Wie erst bei der Recherche für die Ausstellung bekannt geworden ist, wurden Teile des Materials nach dem Krieg auch durch Bergleute gehoben und in Umlauf gebracht. „Da ging es zum Beispiel um Fotos von Stars, die damals noch bekannt waren“, sagt Aurich. So sei etwa zu erklären, dass Filmplakate aus dem Salzstock über einen Händler bei einem Sammler in Australien gelandet sind.

Suche nach dem Schliemann-Gold ergab einen Tipp

Aber wieso dauerte es dann so lange, bevor sich 1986 erstmals wieder Fachleute auf die Suche im Salzstock machten? Zwar sei grundsätzlich bekannt gewesen, dass in den letzten Kriegsmonaten viele Bestände dort in der Tiefe gelagert hatten, sagt Aurich: „Aber es braucht Geld – und Neugier.“ Und in diesem Fall auch einen heißen Tipp – von Klaus Goldmann von den Staatlichen Museen Berlin. Der war eigentlich auf der Suche nach dem verschwundenen Schliemann-Gold aus Troja, dem „Schatz des Priamos“, im Salzstock gewesen – ohne Erfolg. Allerdings hatte er Reste des Reichsfilmarchivs entdeckt und die Kollegen der Kinemathek informiert.

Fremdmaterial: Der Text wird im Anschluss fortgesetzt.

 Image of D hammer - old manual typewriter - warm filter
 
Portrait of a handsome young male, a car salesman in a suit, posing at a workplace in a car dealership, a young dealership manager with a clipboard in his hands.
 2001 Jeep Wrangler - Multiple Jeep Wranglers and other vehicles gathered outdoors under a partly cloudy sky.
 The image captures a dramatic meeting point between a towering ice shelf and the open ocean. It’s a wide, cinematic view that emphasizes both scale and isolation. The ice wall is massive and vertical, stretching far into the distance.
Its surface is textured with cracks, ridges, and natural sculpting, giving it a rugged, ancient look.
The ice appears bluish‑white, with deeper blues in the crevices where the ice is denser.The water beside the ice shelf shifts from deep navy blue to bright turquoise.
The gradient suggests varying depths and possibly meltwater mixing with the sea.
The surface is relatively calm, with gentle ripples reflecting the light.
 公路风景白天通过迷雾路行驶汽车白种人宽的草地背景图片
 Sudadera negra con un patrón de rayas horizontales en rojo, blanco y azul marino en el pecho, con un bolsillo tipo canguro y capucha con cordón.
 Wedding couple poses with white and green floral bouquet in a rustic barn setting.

Dass es dann 1986 tatsächlich zu der Fahrt in die Tiefe kam, hatte auch mit deutsch-deutschen Verwicklungen zu tun, erinnert sich Jochen Hergersberg: Der riesige Salzstock reichte über die damalige Grenze hinweg – und die DDR habe über eine Schließung ihres Teils nachgedacht. „Das hätte Auswirkungen auf den Grundwasserspiegel gehabt“, erklärt er. Das Material wäre womöglich für immer verloren gewesen: „Deshalb gab es einen gewissen zeitlichen Druck.“ Knapp 70 Plakate barg Hergersberg mit seinem Kollegen. Es ist ein minimaler Teil der Gesamtbestände: Die Filmhistoriker gehen davon aus, dass die Filmprüfstelle rund 80.000 Zensurvorgänge bearbeitet hat. Das Reichsfilmarchiv dürfte also über mehrere Tausend Plakate verfügt haben, schätzt Rolf Aurich.

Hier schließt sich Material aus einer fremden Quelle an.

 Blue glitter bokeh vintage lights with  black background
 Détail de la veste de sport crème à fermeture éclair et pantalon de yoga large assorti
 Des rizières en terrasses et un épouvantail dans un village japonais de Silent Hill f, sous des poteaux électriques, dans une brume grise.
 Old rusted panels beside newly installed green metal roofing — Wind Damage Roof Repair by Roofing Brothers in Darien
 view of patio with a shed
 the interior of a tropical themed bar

20.000 Euro für die Restaurierung

Erst 2013 war das Geld für die Restaurierung da – 20.000 Euro von der Staatsbibliothek über ein Förderprogramm zur Erhaltung des schriftlichen Kulturguts, weitere 2000 Euro von der Kinemathek, wie Anett Sawall berichtet. Damit konnten 64 Plakate aufwendig restauriert werden. Sie wurden zunächst trocken gereinigt, sprich vorsichtig abgebürstet – und dann gewässert, um das Salz aus dem Material zu spülen. Dann wurden die Plakate auf sogenanntes Japanpapier, Reispapier, und ein gesondertes Barrierepapier aufgebracht, verklebt mit wasserlöslichem Stärkekleister, erklärt Anett Sawall. Die angekokelten Ränder sind noch gut zu sehen.

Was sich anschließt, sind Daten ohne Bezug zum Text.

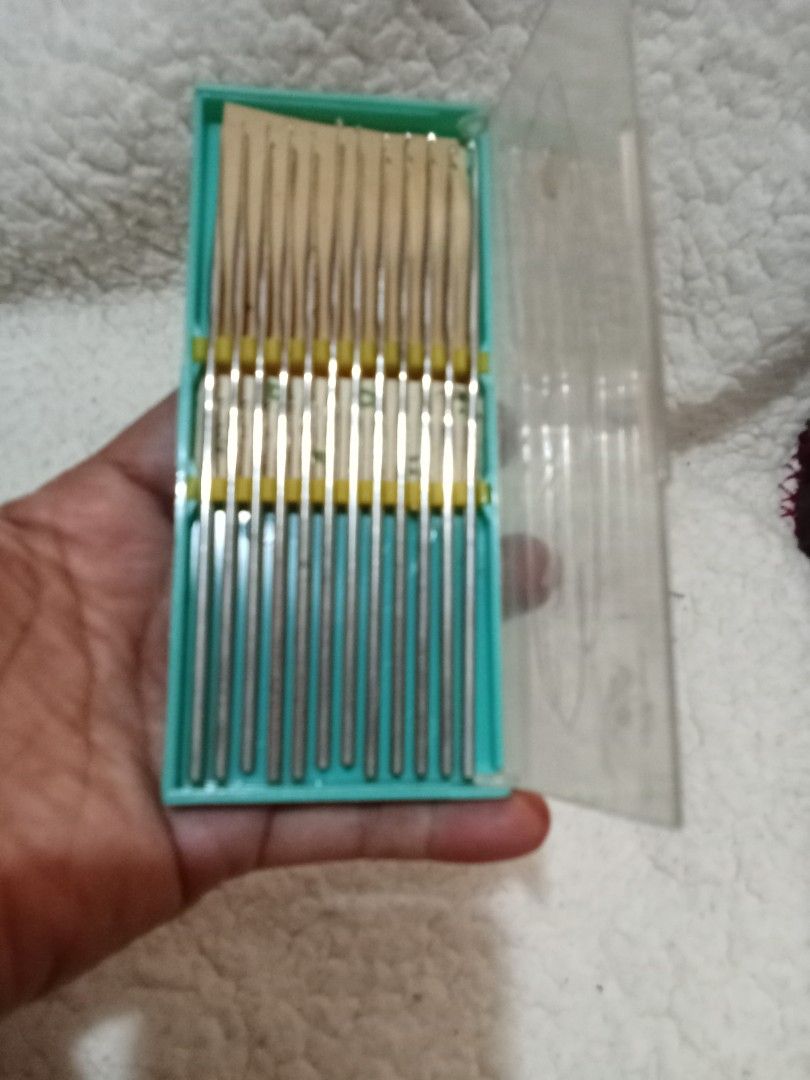 Vintage Crochet Hook Set (Category: Craft Supplies & Tools) located in Bocaue. Submitted by marajapansurplus (Listing ID 1429548671, Image 3). Description: Vintage set of crochet hooks. The set includes multiple hooks of varying sizes, neatly organized in a green plastic case with a clear lid. The case has a yellow band to hold the hooks in place. Perfect for crochet enthusiasts..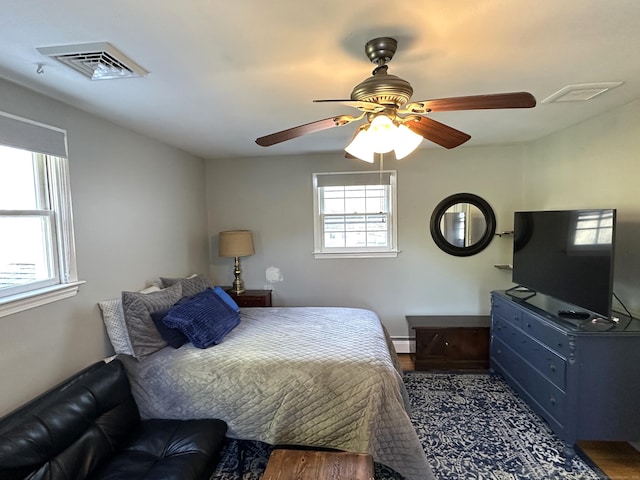 bedroom featuring visible vents, ceiling fan, a baseboard heating unit, baseboards, and wood finished floors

Für Rolf Aurich steht die wechselvolle Geschichte des Schatzes aus dem Salzstock auch für die Anstrengungen, die nötig sind, um historische Überlieferungen vor dem Vergessen zu bewahren: „Mit der Ausstellung wollen wir zeigen, dass nichts selbstverständlich da ist.“

„Brandspuren – Filmplakate aus dem Salzstock“ ist vom 28. November 2019 bis 31. Mai 2020 in der Kinemathek am Potsdamer Platz in Berlin zu sehen.